Reading 13. Kingdom Living. Living Between The Times. The Consummation of the Kingdom

➡ Average Reading Time: 8 minutes
Observing the Text!

Tension Between the Two Ages

We live in the tension of the two ages: this present evil age and the age to come. In his first coming, Jesus brought the future into the present. We do not have to wait to experience the future at some future date. We can experience the kingdom now even in this present evil age. The death of Jesus on the cross made it possible for us to enter into the age to come now. In that event, believers have been transferred from the kingdom of darkness to the kingdom of God (Col. 1.13). This is good news. Believers can live the life of the age to come now. When Paul speaks of being “in Christ,” he is saying that believers can experience the power and life of the age to come in their present reality (2 Cor. 5.17).

…we live in this present evil age but with the life and power of the age to come.

As we have said repeatedly, we live in this present evil age but with the life and power of the age to come. While the present experience of the future kingdom is only partial, it is real. The complete power of the age to come will not be fully expressed at every moment while this evil age remains. To complete the work that Jesus has already begun, i.e., the inauguration of the updated kingdom, he must return for the consummation of the kingdom to occur.

Interpreting the Text!

The Consummation of the Kingdom (The Second Coming)
The following are the words the New Testament uses for the event of the Second Coming. They are:

This Bible word can be translated presence (1 Thess. 3.13) and arrival (1 Cor. 16.17). The word is often used in a semi technical sense of a visit of a person who has a high rank, especially of emperors or kings who were visiting their provinces. Jesus is pictured in the New Testament as seated at the right hand of God in heaven. He will visit the earth again in person (Acts 1.11) at the close of the age (Matt. 24.3). He will come in power and glory (Matt. 24.27) to raise the dead in Christ (1 Cor. 15.23). He will gather his people (2 Thess. 2.1; see. Matt. 24.31) and destroy evil (2 Thess. 2.8).

This word is translated by revealed (2 Thess. 1.7). It could also be translated unveiling or disclosure. The Second Coming will disclose the lordship of Jesus to the world (Phil. 2.10-11). His apokalypsis will be the revealing to the world the glory and power that are now his (2 Thess. 1.7).

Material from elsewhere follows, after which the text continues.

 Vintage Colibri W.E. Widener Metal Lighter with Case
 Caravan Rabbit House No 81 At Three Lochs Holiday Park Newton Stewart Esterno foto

This word is translated coming (2 Thess. 2.8). This word could be translated appearing and would indicate the visibility of the return of Jesus. While largely limited to the so-called Pastoral Letters, Paul used the word to tell the church at Thessalonica that Jesus will slay the man of lawlessness by the breath of his mouth and destroy him “by the epiphaneia of his parousia” (2 Thess. 2.8). The return of Jesus will not be secret or hidden but will be a visible breaking into history of the glory of God.

The Second Coming is the personal and visible return of the same Jesus who departed as recorded by Luke in (Acts 1.11).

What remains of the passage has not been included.